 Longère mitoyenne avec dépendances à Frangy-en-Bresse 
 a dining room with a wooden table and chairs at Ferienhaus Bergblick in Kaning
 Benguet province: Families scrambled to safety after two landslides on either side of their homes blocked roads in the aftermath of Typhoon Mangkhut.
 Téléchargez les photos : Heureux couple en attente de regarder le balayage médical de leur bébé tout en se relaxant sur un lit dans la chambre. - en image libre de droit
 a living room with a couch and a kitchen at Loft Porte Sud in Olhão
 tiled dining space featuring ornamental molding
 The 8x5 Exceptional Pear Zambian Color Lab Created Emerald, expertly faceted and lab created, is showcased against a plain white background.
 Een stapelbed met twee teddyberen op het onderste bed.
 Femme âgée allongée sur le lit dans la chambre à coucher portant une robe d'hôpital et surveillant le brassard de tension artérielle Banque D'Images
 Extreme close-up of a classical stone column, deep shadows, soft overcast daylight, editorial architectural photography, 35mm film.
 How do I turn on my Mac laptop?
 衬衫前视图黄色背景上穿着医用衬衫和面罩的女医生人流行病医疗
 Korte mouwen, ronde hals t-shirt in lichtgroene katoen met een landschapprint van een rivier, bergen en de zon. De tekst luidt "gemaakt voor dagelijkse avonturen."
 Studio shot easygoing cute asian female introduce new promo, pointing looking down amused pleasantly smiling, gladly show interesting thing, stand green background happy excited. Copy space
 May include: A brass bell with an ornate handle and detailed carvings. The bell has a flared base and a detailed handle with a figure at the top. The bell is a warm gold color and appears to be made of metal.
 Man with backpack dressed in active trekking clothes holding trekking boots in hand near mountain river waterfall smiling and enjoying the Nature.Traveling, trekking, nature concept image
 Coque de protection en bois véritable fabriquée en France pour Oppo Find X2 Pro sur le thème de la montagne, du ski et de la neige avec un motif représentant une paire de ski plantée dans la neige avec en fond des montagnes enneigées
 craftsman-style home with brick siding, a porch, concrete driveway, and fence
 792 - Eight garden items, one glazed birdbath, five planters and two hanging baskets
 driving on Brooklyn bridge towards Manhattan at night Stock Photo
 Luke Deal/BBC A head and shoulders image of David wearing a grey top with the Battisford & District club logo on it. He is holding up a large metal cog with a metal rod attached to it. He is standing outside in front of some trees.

### Task instructions
Your answer should be the whole listing above, repeated exactly as it appears.

### Solution to the problem
 Longère mitoyenne avec dépendances à Frangy-en-Bresse 
 a dining room with a wooden table and chairs at Ferienhaus Bergblick in Kaning
 Benguet province: Families scrambled to safety after two landslides on either side of their homes blocked roads in the aftermath of Typhoon Mangkhut.
 Téléchargez les photos : Heureux couple en attente de regarder le balayage médical de leur bébé tout en se relaxant sur un lit dans la chambre. - en image libre de droit
 a living room with a couch and a kitchen at Loft Porte Sud in Olhão
 tiled dining space featuring ornamental molding
 The 8x5 Exceptional Pear Zambian Color Lab Created Emerald, expertly faceted and lab created, is showcased against a plain white background.
 Een stapelbed met twee teddyberen op het onderste bed.
 Femme âgée allongée sur le lit dans la chambre à coucher portant une robe d'hôpital et surveillant le brassard de tension artérielle Banque D'Images
 Extreme close-up of a classical stone column, deep shadows, soft overcast daylight, editorial architectural photography, 35mm film.
 How do I turn on my Mac laptop?
 衬衫前视图黄色背景上穿着医用衬衫和面罩的女医生人流行病医疗
 Korte mouwen, ronde hals t-shirt in lichtgroene katoen met een landschapprint van een rivier, bergen en de zon. De tekst luidt "gemaakt voor dagelijkse avonturen."
 Studio shot easygoing cute asian female introduce new promo, pointing looking down amused pleasantly smiling, gladly show interesting thing, stand green background happy excited. Copy space
 May include: A brass bell with an ornate handle and detailed carvings. The bell has a flared base and a detailed handle with a figure at the top. The bell is a warm gold color and appears to be made of metal.
 Man with backpack dressed in active trekking clothes holding trekking boots in hand near mountain river waterfall smiling and enjoying the Nature.Traveling, trekking, nature concept image
 Coque de protection en bois véritable fabriquée en France pour Oppo Find X2 Pro sur le thème de la montagne, du ski et de la neige avec un motif représentant une paire de ski plantée dans la neige avec en fond des montagnes enneigées
 craftsman-style home with brick siding, a porch, concrete driveway, and fence
 792 - Eight garden items, one glazed birdbath, five planters and two hanging baskets
 driving on Brooklyn bridge towards Manhattan at night Stock Photo
 Luke Deal/BBC A head and shoulders image of David wearing a grey top with the Battisford & District club logo on it. He is holding up a large metal cog with a metal rod attached to it. He is standing outside in front of some trees.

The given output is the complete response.